La deuxième dimension à souligner est la beauté des objets en eux-mêmes. Faits de bois pour la plupart, teintés d’ocre, de blanc et de rouge sur le noir de la matière naturelle, ils s’imposent dans leur esthétique émouvante et fière, nous invitant à la contemplation. Je comprend l’engouement des artistes du début du XXe siècle pour ces pièces tribales (plutôt issues d’Afrique, certes) qui viennent s’opposer, dans toute leur ingénuité et simplicité, à cet art construit depuis des siècles en Occident, provoquant comme un choc des cultures d’autant plus bienvenu pour ces hommes qui cherchaient à inventer autre chose.

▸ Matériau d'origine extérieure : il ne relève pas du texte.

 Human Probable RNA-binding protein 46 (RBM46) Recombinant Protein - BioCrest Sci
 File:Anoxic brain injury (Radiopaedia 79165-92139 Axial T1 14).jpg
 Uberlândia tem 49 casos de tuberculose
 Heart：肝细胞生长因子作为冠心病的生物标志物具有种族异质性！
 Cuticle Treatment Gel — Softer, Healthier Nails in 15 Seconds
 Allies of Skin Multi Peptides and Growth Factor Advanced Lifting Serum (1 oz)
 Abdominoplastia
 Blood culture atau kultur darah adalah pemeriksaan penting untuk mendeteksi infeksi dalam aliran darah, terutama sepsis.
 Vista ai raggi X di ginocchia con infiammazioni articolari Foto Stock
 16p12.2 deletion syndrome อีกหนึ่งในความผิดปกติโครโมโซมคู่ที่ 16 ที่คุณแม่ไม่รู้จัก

C’est donc à un voyage esthétique et sociologique que vous invite cette exposition, pour mieux comprendre qu’il peut exister des sociétés structurées et stables bien différentes de la nôtre, et que la beauté peut se nicher partout.

Vous aurez compris que je recommande…

FB

 index index2index4index5

(1) Le sagou est une fécule extraite du sagoutier, sorte de palmier.